I think the cornerstone of the emotional background was that I'd thrown myself away for a while, but I was coming back into being who and what I really wanted to be, and that included being able to determine what jobs I was going to take from now on. Saying it that way I now know how to tie it to my real life and the four years is significant that way. Interesting. Nothing like the safe brother who didn't even dare risk coming to get me from prison, but could safely pay the bills.
I often kick and throw off the ties of tradition and control. I am criminal in the eyes of the more judgemental, and there's a lot I've done that lots of people could condemn me for. It's just a part of who and what I've always been, and I carry that within me, perhaps more to the surface now as I'm getting more aware of myself.
But doing my time really does have some aspect of a guilt I've finally released, I think.
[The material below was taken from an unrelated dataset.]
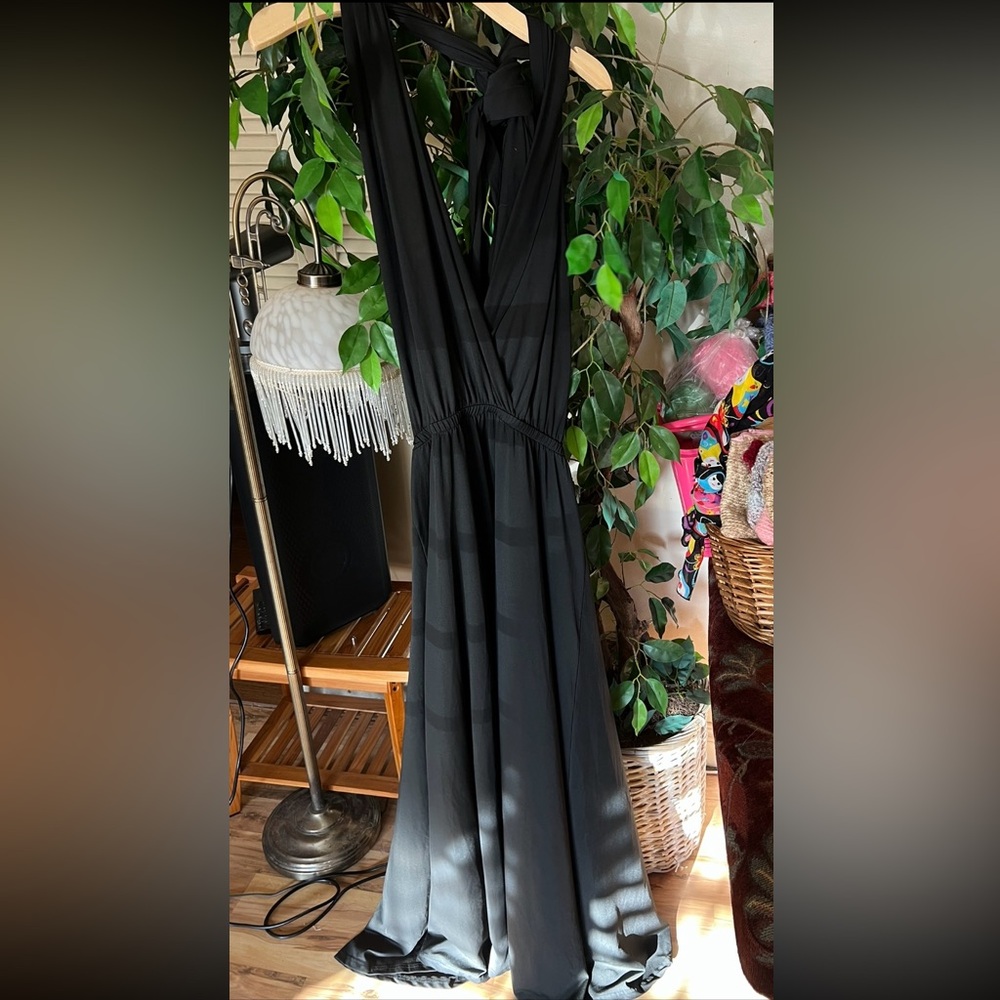 Black Sleeveless V-Neck Wrap Gown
And the only one holding me to it was myself.
Existential Dilemma is a good way of putting it. I don't really know what I'm *for*, and being free of work for quite some time, it's impossible to define myself by what I do anymore, and I'm coming to grips with that, especially since I do so much and for so many and in so many ways, now that I don't have one thing that I Am or any one thing that is my life's work. It's just my life that is the Work, I guess? That all of my art, my writing, my fiber work, my being a mother, my special need and take on violence, and my spiritual life are all... works that I have to be responsible for doing as I would do it, not as someone else might.
I do love what you point out, especially about the work... that I now HAVE to work. Thank you for that, and that imperative is very real, though the goal's less monetary than... well, the importance of just doing the work.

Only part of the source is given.